As referências do menino eram as casas de madeira do Norte do Paraná. As casas perfilavam-se nas “datas” e, com o reforço dos balaústres de madeira das cercas, definiam as ruas estreitas onde brincavam de bola, de “31”, de queimada. Telhados em telha de barro, tipo francesa, tábuas unidas pelas mata-juntas, cimento queimado com vermelhão nos pisos das varandas, quando muito, ladrilhos hidráulicos ou cacos de cerâmicas formando mosaicos diversos, em sua maioria sem os labrequins de madeira nos beirais, os banheiros quase sempre fora de casa, e o sonho da casa de “material”.
Na memória, a Igreja de uma torre, linda, primeiro azul com detalhes em branco, depois amarela, com mosaicos de imagens dos santos nas paredes, o teto alto, o altar no presbitério elevado, a sacristia, e o sino batendo chamando para as “missões”. Na praça da igreja, no alto da cidade, os bancos em granitina com nome dos benfeitore e o cruzeiro em destaque ali ao lado. No salão de festas, aos fundos da matriz, aconteciam teatros, casamentos e até jogos de futebol de salão. Nas festas os espetos de bambu carregavam-se com pedaços de carne bem passada e apimentada.
A escola em alvenaria, em dois pisos, alinhava-se com os pés de café do outro lado da estrada. No pátio em cimento, na quadra de asfalto onde o piche grudava no “conga” quando o sol ardia, as crianças corriam, brincavam, divertiam-se e, sempre, no início das aulas, enfileiradas, cantavam o hino nacional. No “7 de Setembro”, após ensaios exaustivos, de cada escola, com suas fanfarras a frente, partiam os pelotões de alunos, percorrendo a cidade, até a entrada na avenida principal rumo à praça... que festa!

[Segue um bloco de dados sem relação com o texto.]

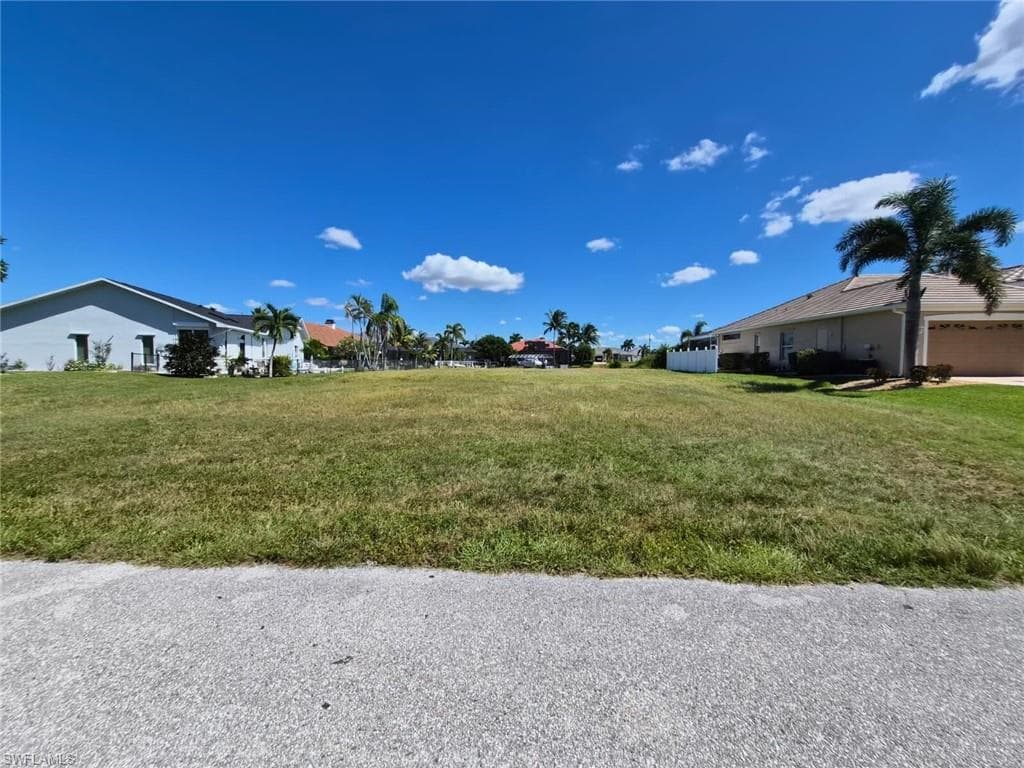 3937 26th Ct, Cape Coral, FL 33914-9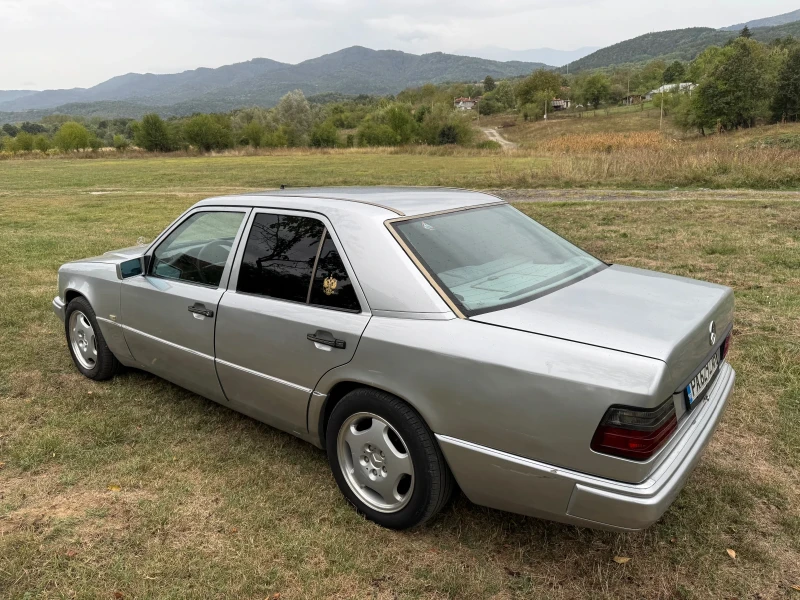 Mercedes-Benz 124, снимка 1 - Автомобили и джипове - 48378795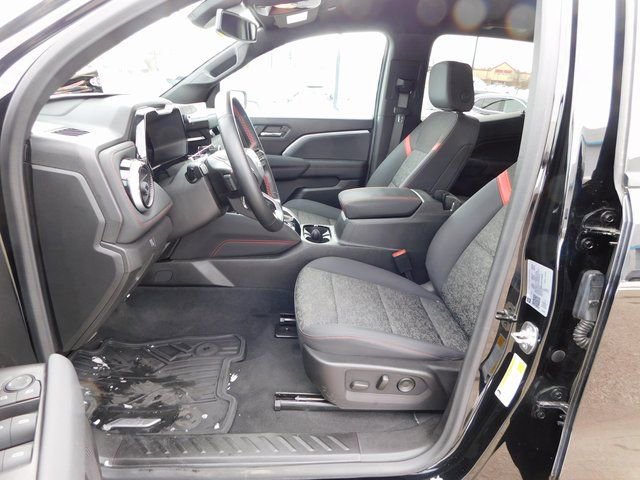 Used 2024 Chevrolet Colorado Z71 w/ Z71 Convenience Package 2 image 16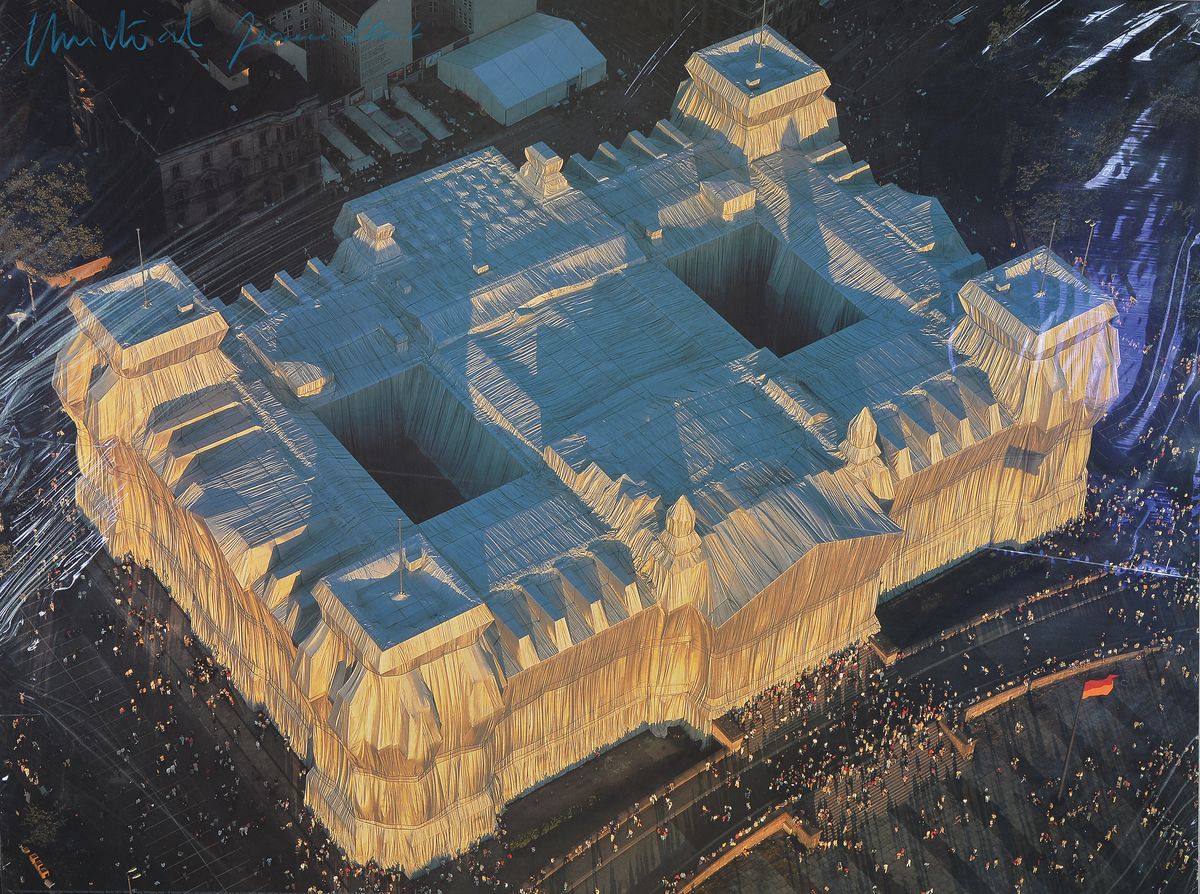 Christo und Jeanne-Claude, Der verhüllte Reichstag, Farboffset, handsign. von beiden Künstlern, Blattgr. 60x80 cm, re Ecke leicht geknickt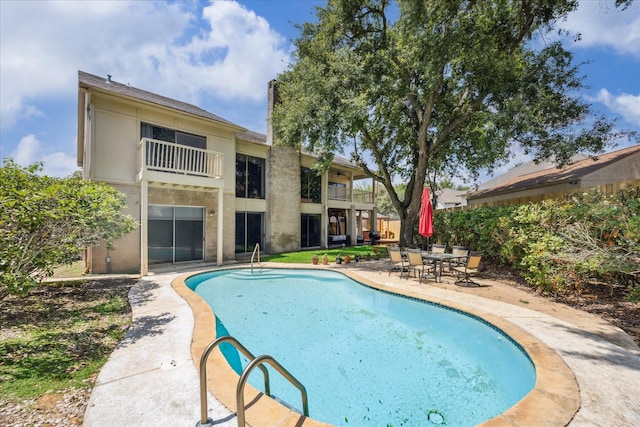 12007 Lakeway Ct, Houston, TX 77071 - swimming pool featuring a patio area and outdoor dining space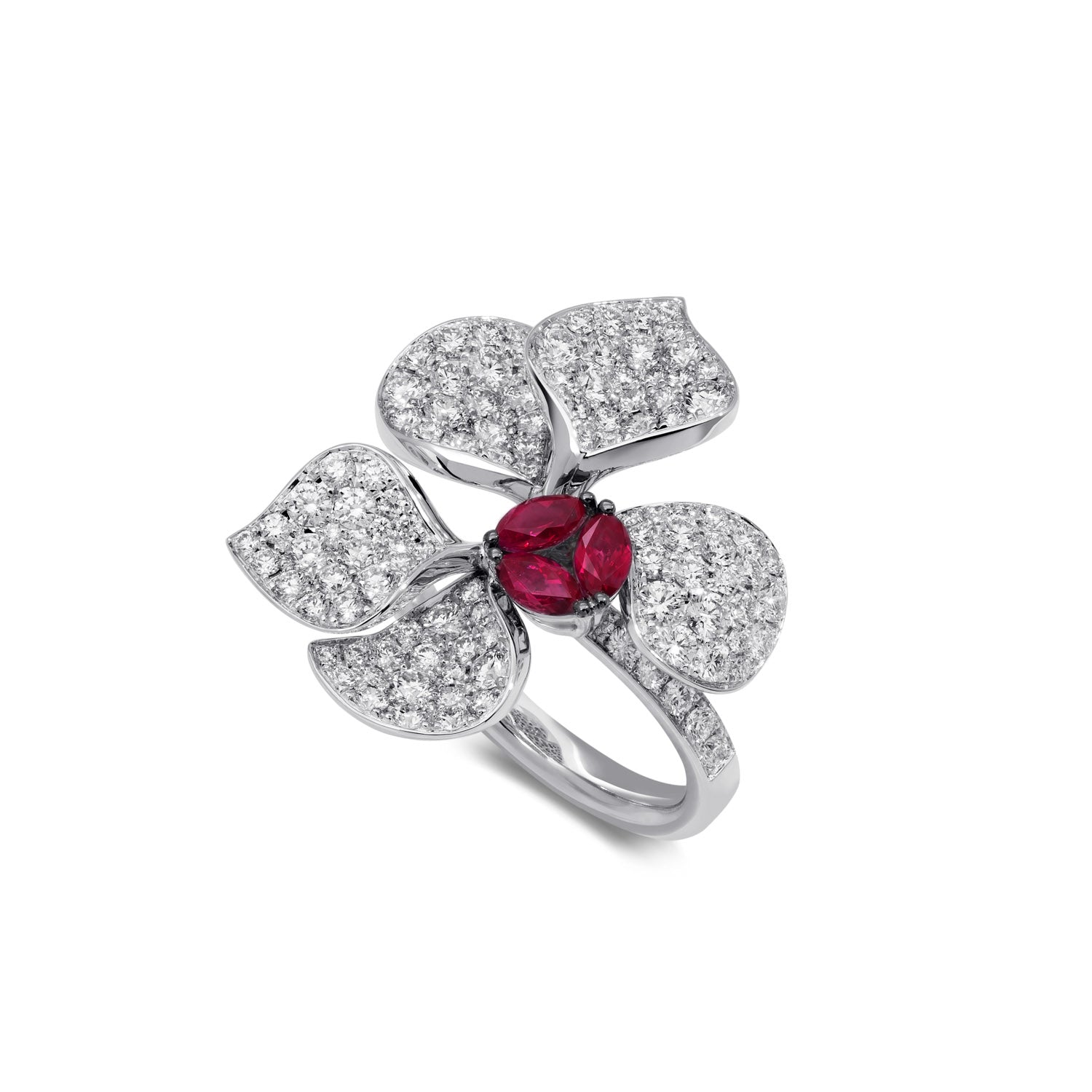 Ring with rubies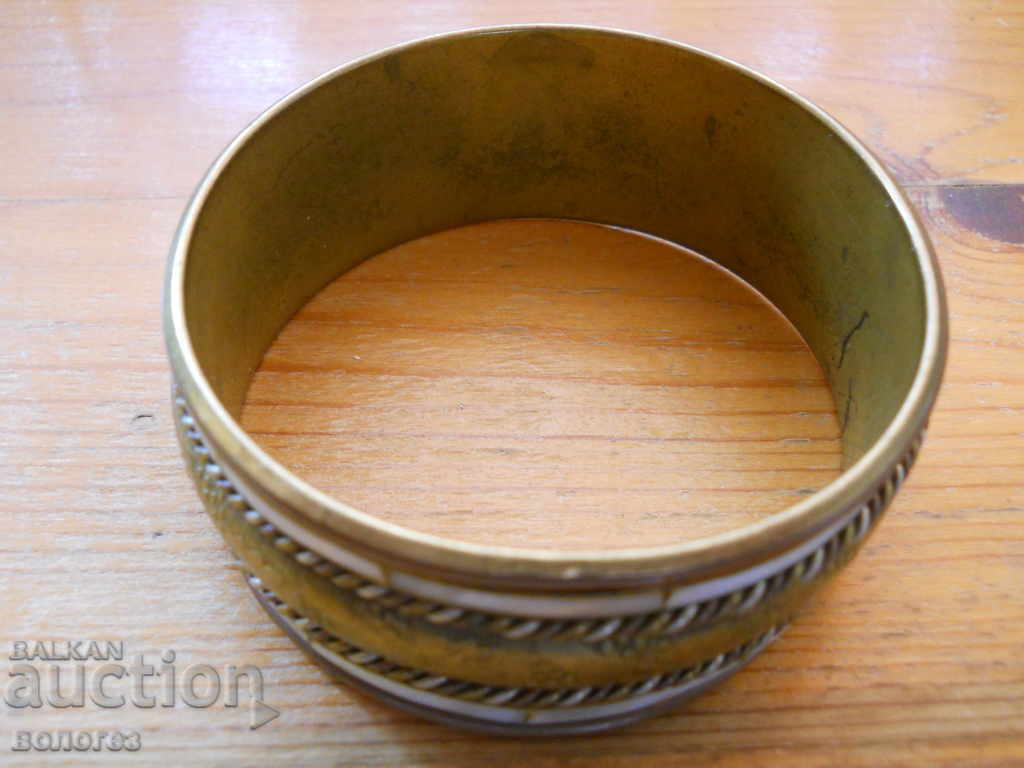 Auction Old bracelet with mother-of-pearl ornaments Auction Old bracelet with mother-of-pearl ornaments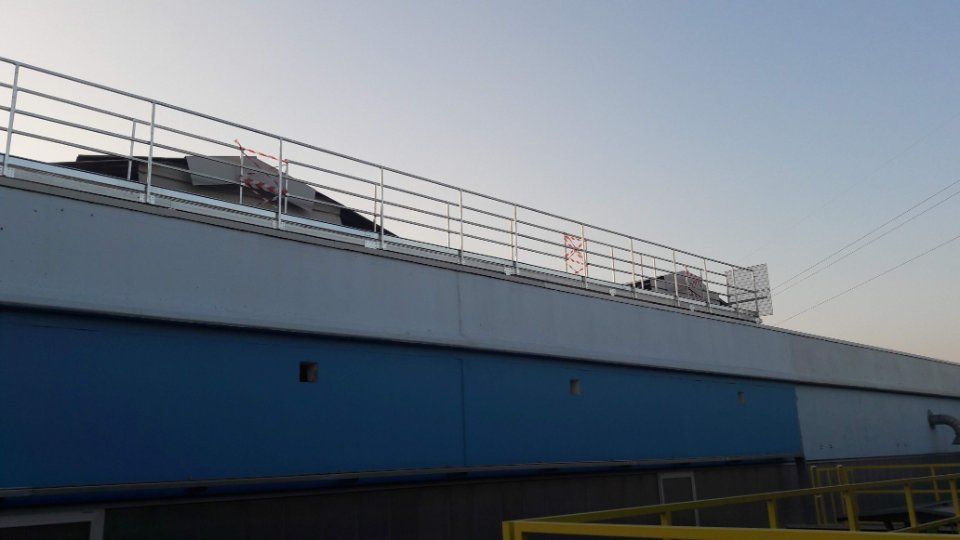 capannone con linee vita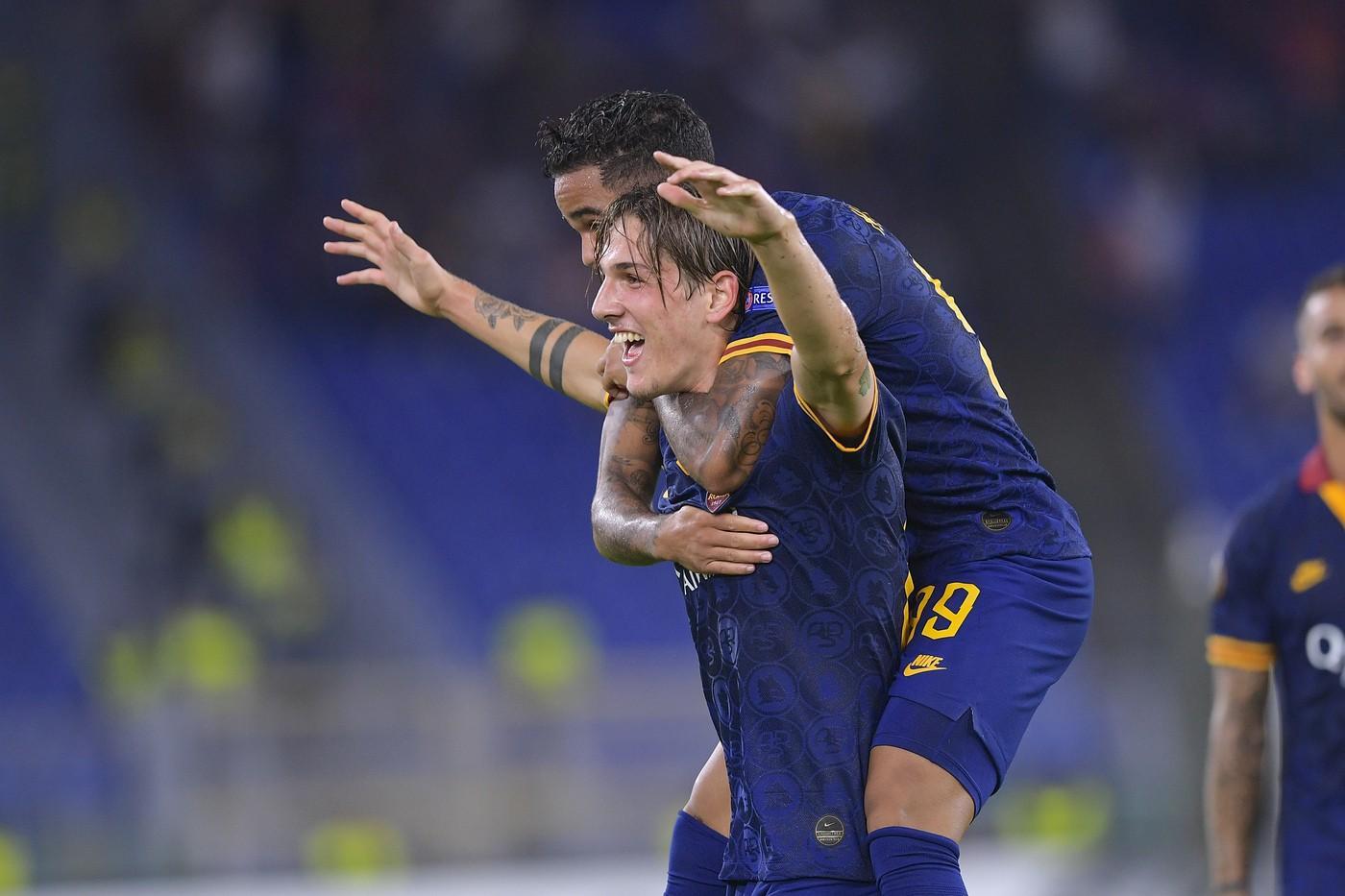 Nicolò Zaniolo abbracciato da Justin Kluivert dopo il gol di ieri sera contro il Basaksehir, di LaPresse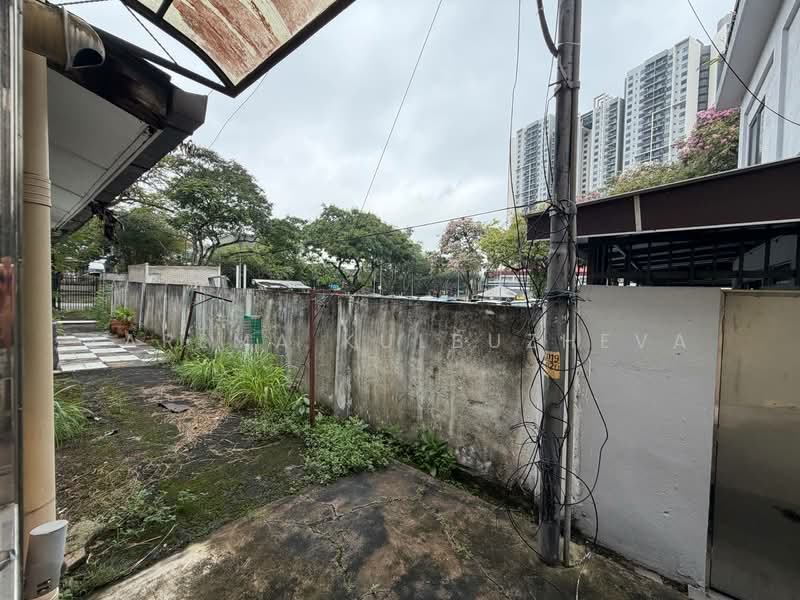 2-storey Terraced House for Sale in Wangsa Melawati (Wangsa Maju) - Zarema Kulbuzheva - Exterior - PropertyGuru.com.my
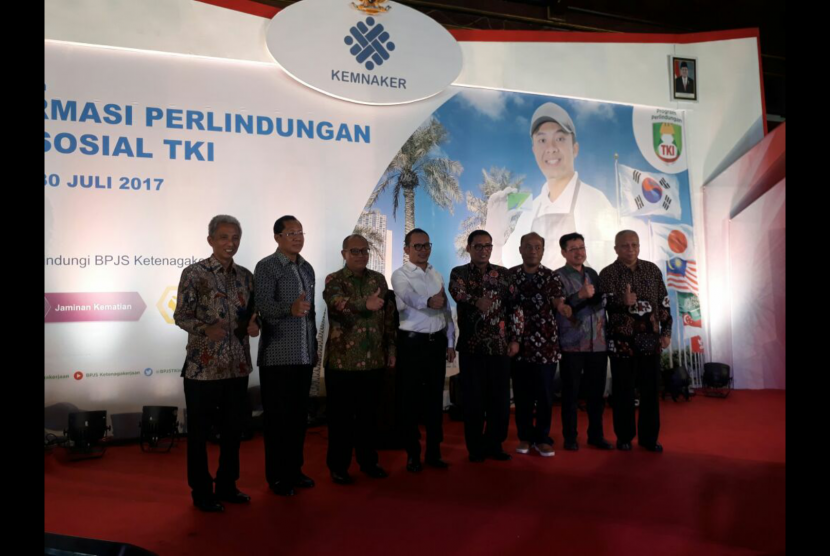 BPJS Ketenagakerjaan bersama Kementerian Tenaga Kerja  meluncurkan Transformasi Perlindungan Jaminan Sosial TKI di Pendopo Kantor Bupati Tulungagung, Jawa Timur, Ahad (30/7).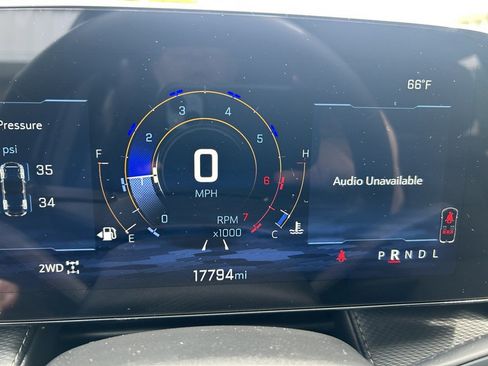 Used 2025 Chevrolet Equinox LT AWD/4WD image 9
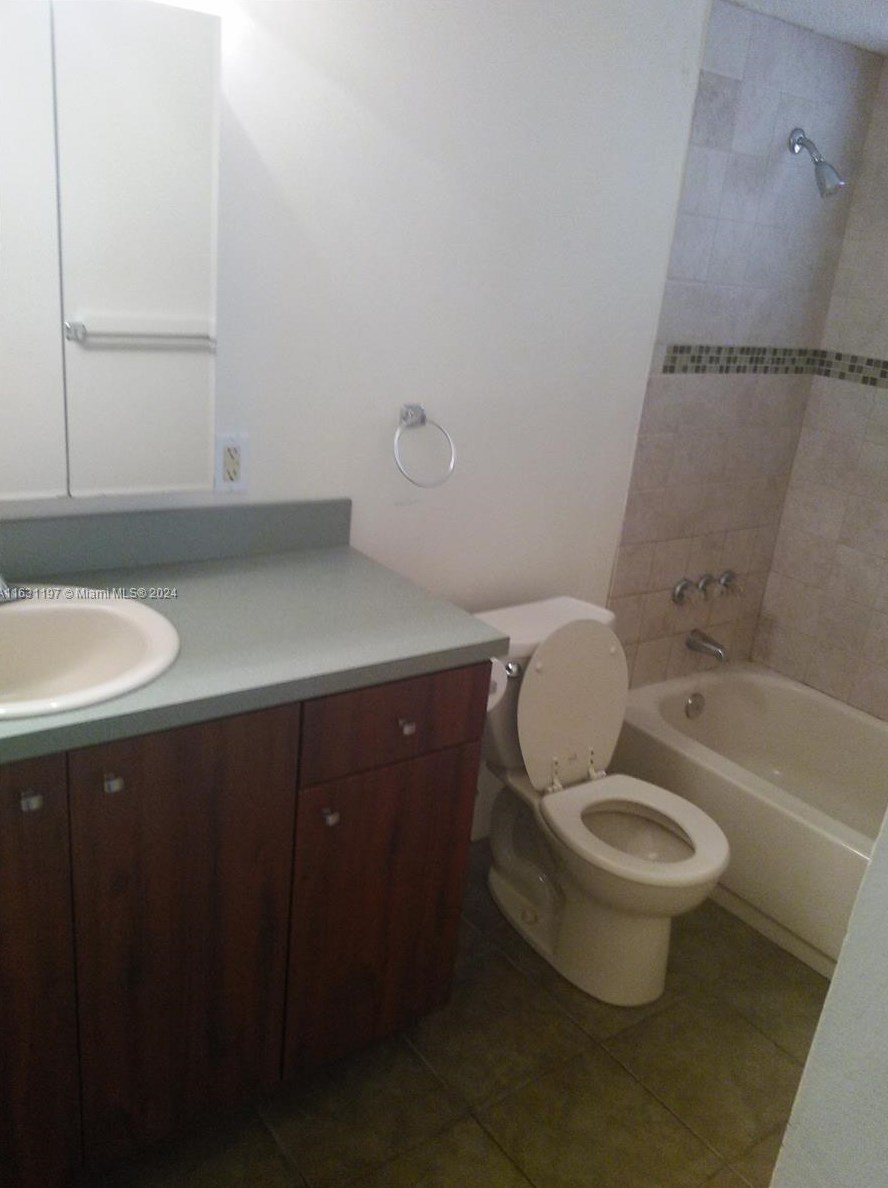 1919 Plunkett St #7, Hollywood, FL 33020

A praça, nova, de desenho moderno, com seu anfiteatro, sua fonte luminosa, era cenário para festas, para encontros de namorados, para passeio das famílias nos domingos, nos sábados... dias de maçã do amor, de balões de gás, do carrinho de pipoqueiro. A água da fonte, dançando, em várias cores, no ritmo das músicas, molhando o piso, numa chuva fina, como que se lavando a alma, não sai da memória! A rodoviária, também nova, moderna, linda, o embarque e desembarque em área rebaixada, com o muro de arrimo branco, ao fundo... tinha algo diferente ali. Acho que era o sabor da infância.
A estação ferroviária, a linha do trem, as escadarias para subir a barbearia com suas grandes cadeiras de ferro. A banca de revistas na calçada, a sensação especial no cinema assistindo Mazzaropi, não sei quantas vezes. Na fábrica de sorvetes, a “massa” de nata, a “vaca preta”, o sorvete de coco queimado. Foi assim, que nos meus primeiros anos, foram-se formando minhas referências na arquitetura e também nos valores e princípios que me levaram vida afora. Assim começou a construção do meu repertório cultural, simples assim. São caminhos que me levaram a arquitetura e, sem saber, já despertavam minha atenção, provocavam sensações, temperavam minha vida.
E você, quais foram suas primeiras referências?